Problem to solve :: Among the entries below, retype exactly the lines starting with the one with "کاشت مو با قیمت استثنایی" and going on through the one with "Rabbit Polyclonal Antibody to APOE", but not the pictures.
Exercise data Block Start
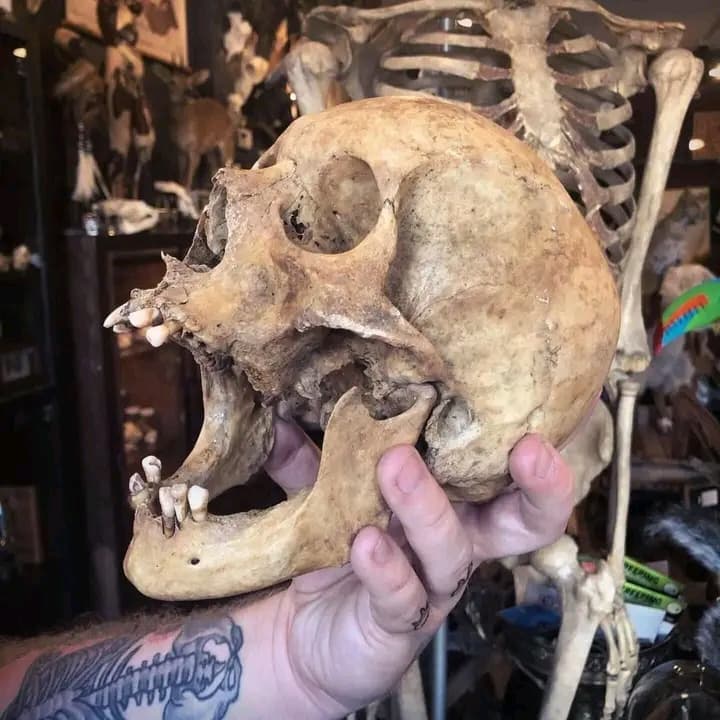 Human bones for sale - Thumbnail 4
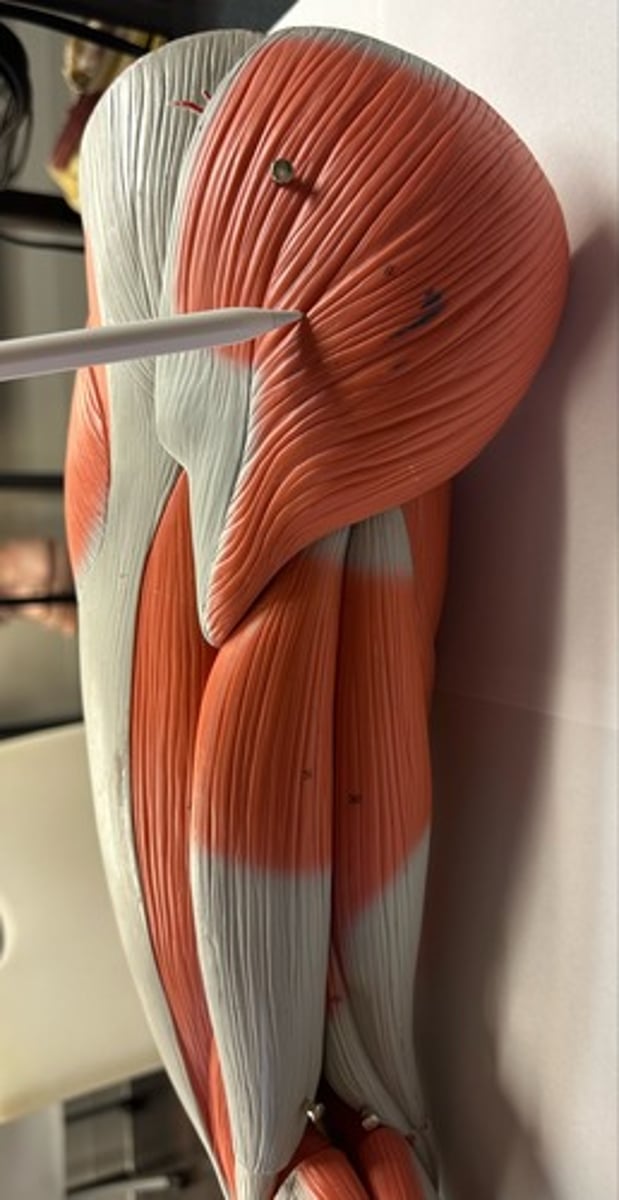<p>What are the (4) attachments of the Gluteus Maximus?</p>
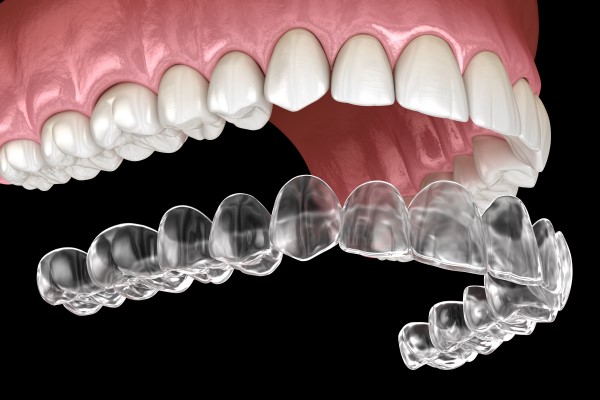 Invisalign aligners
Exercise data Block End
Exercise data Block Start
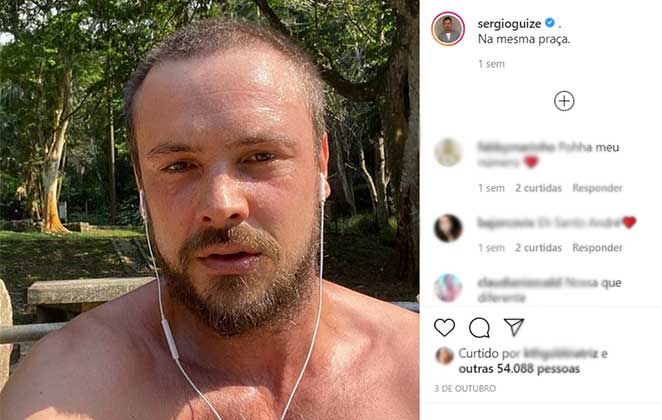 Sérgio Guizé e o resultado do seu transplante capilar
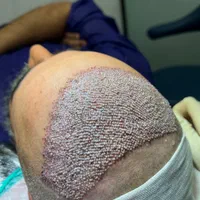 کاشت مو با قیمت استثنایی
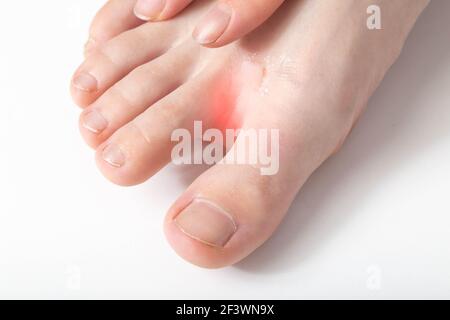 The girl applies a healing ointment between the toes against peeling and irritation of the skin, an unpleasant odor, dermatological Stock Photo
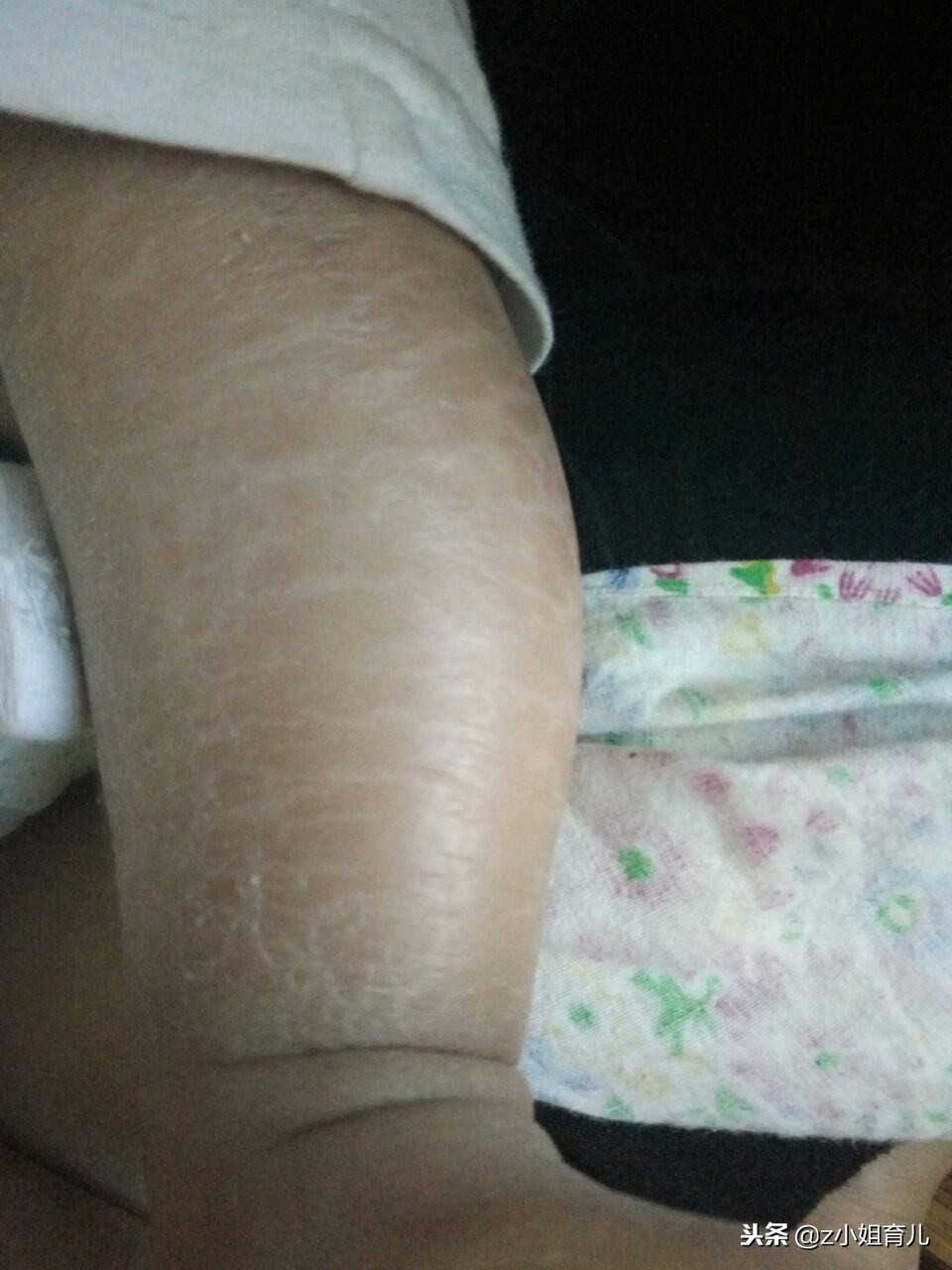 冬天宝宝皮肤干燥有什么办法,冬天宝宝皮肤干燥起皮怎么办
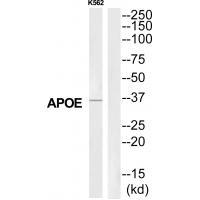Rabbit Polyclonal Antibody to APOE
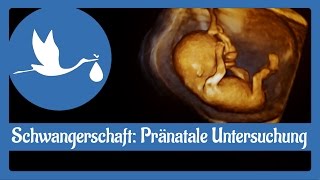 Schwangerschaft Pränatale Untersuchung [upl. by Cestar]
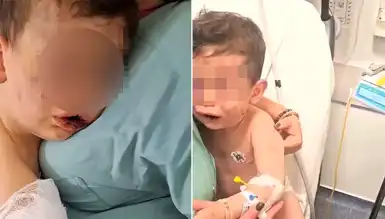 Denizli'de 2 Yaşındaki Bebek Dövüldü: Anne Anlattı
Exercise data Block End
Result ::
 کاشت مو با قیمت استثنایی
 The girl applies a healing ointment between the toes against peeling and irritation of the skin, an unpleasant odor, dermatological Stock Photo
 冬天宝宝皮肤干燥有什么办法,冬天宝宝皮肤干燥起皮怎么办
Rabbit Polyclonal Antibody to APOE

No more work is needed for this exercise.